** INPUT DATA **
^^^^^^^^^^^^^^^^

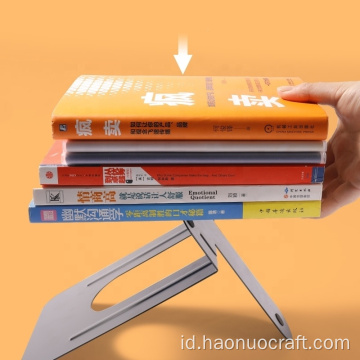 rak buku logam memisahkan rak buku. Bookstop sederhana dan kreatif digunakan di atas meja untuk siswa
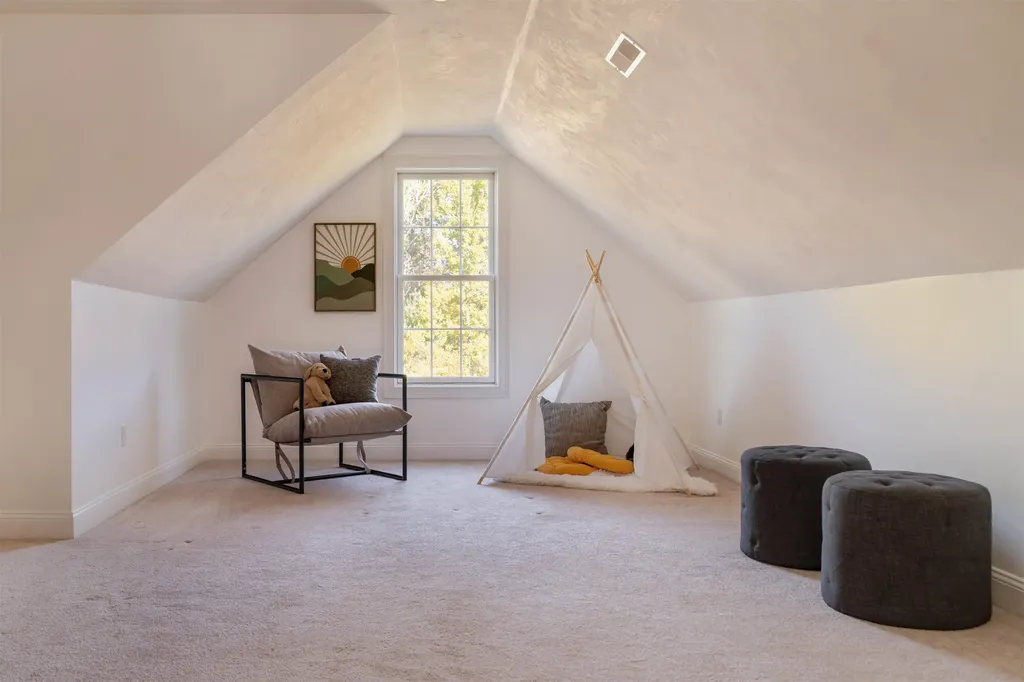 2 Copper Hill Road Hudson NH 03051-5078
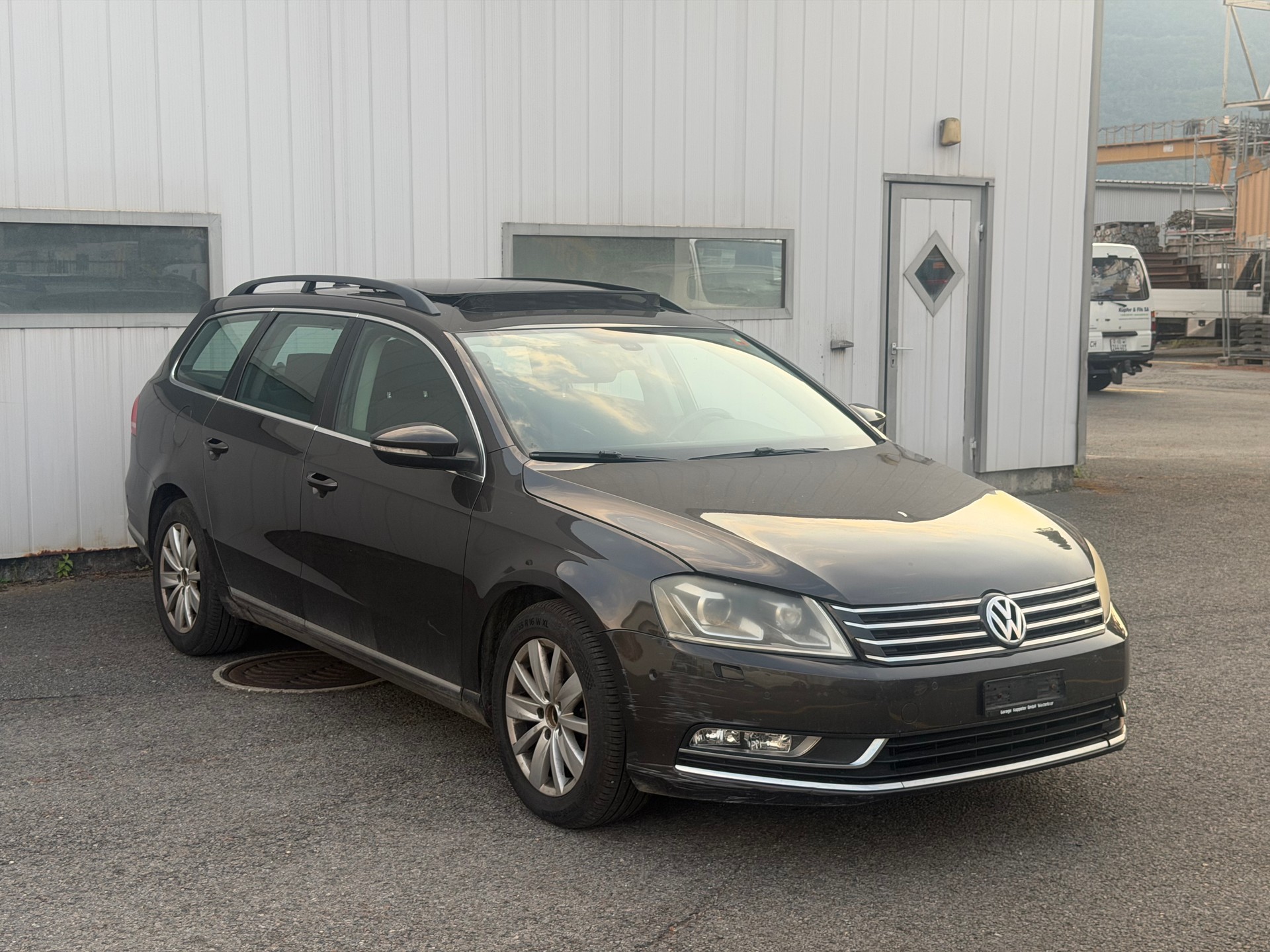 VW Passat Variant 2.0 TDI BMT Highline 4MDSG-image-2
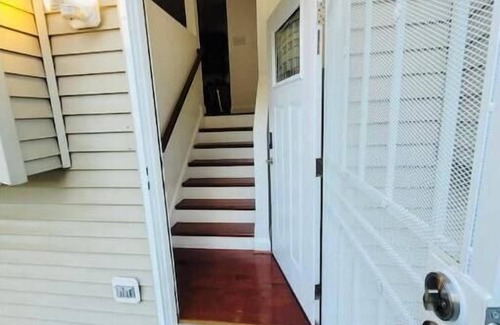 Fairmount Heights House | Family friendly-4Bedroom house, free 2 car driveway/street parking DC &VA acess.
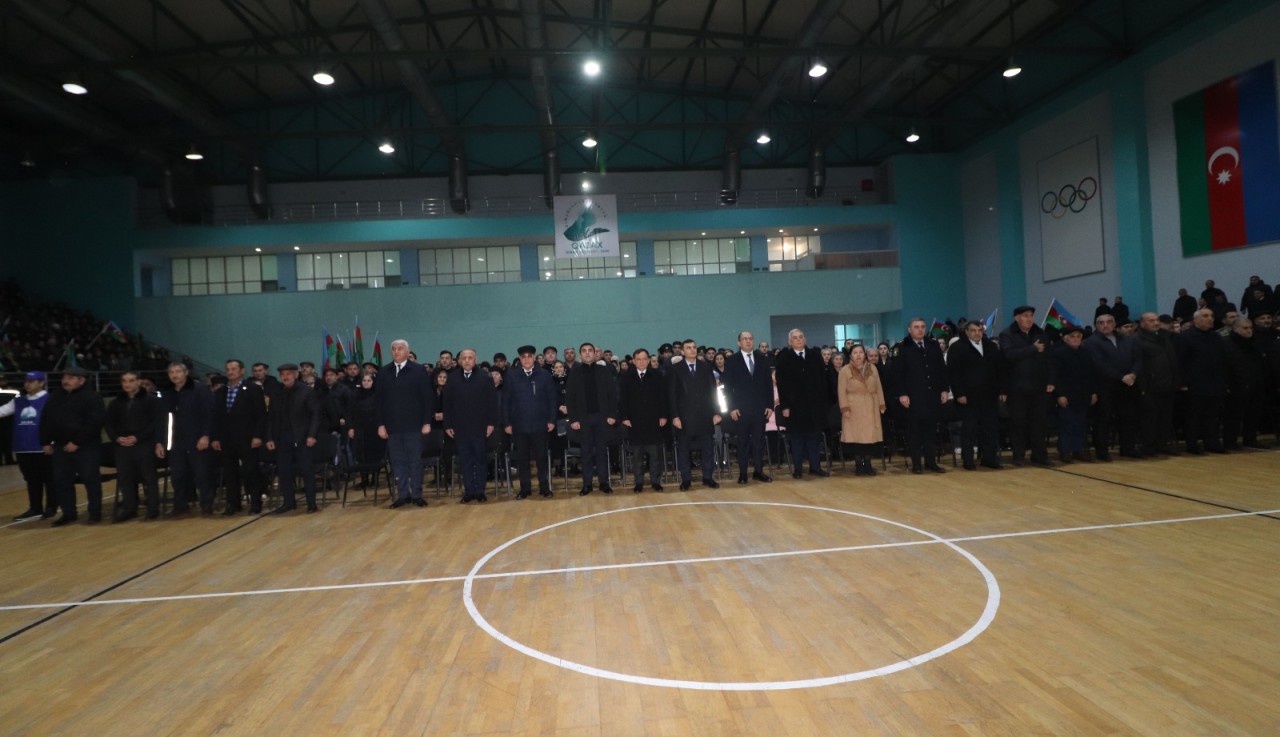 Qazaxda “Birlik və Həmrəyliklə yeni ilə doğru” adlı bayram tədbiri keçirildi - FOTOLAR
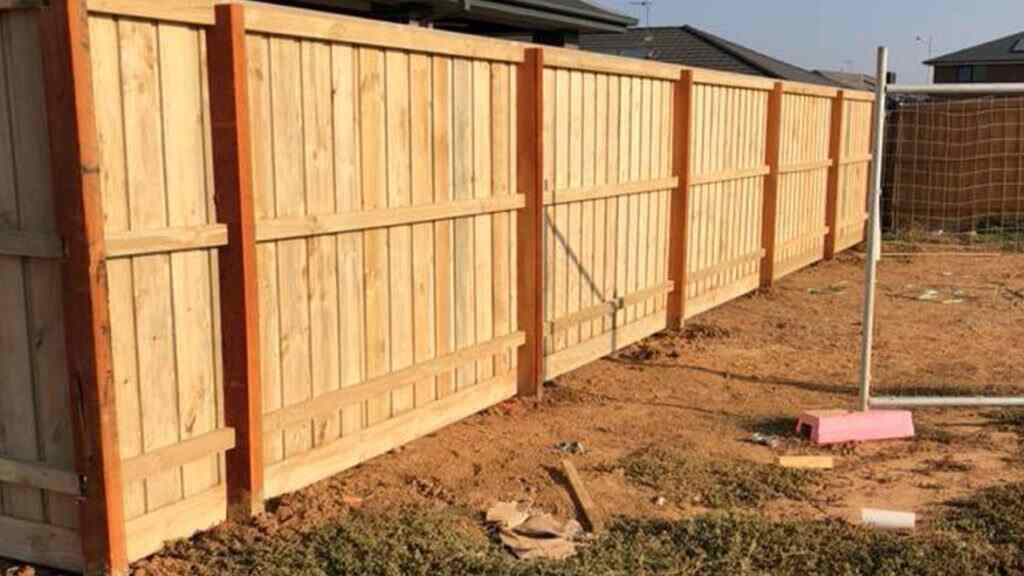 Hardwood Red Post 2.4m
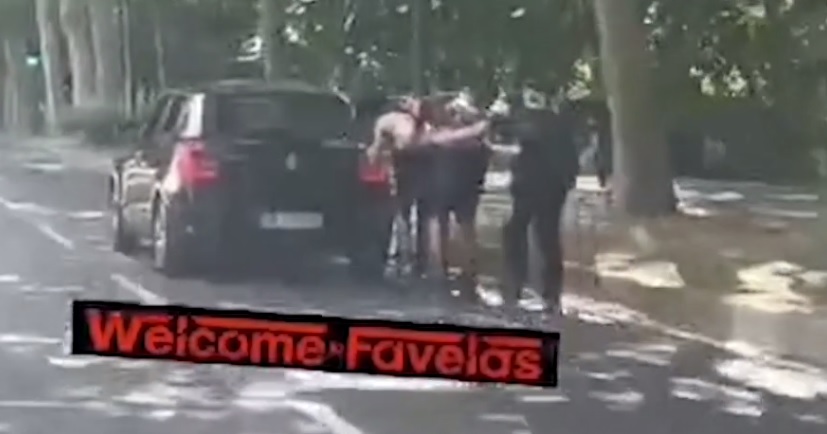 Torino – Nuova follia ‘social’: in tre sui pattini in strada, poi si aggrappano ad una macchina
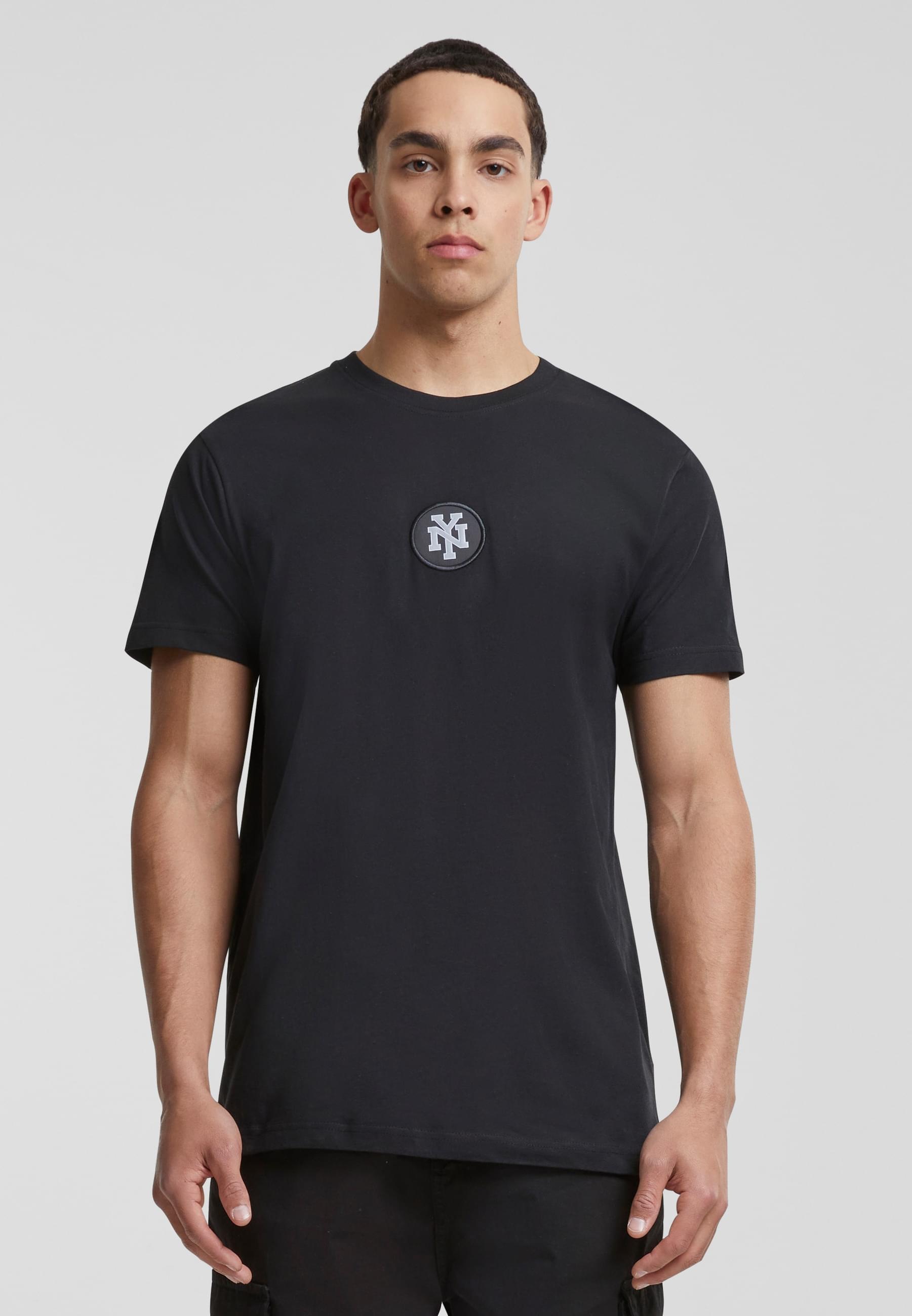 MisterTee Kurzarmshirt »MisterTee Herren NY Patch Tee«, (1 tlg.)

^^^^^^^^^^^^^^^^

** TASK GOAL **
From the line containing "Hardwood Red Post 2.4m" down to the last line of the entries above, copy each line exactly and nothing more. Leave pictures out.

** WRITTEN ANSWER **
 Hardwood Red Post 2.4m
 Torino – Nuova follia ‘social’: in tre sui pattini in strada, poi si aggrappano ad una macchina
 MisterTee Kurzarmshirt »MisterTee Herren NY Patch Tee«, (1 tlg.)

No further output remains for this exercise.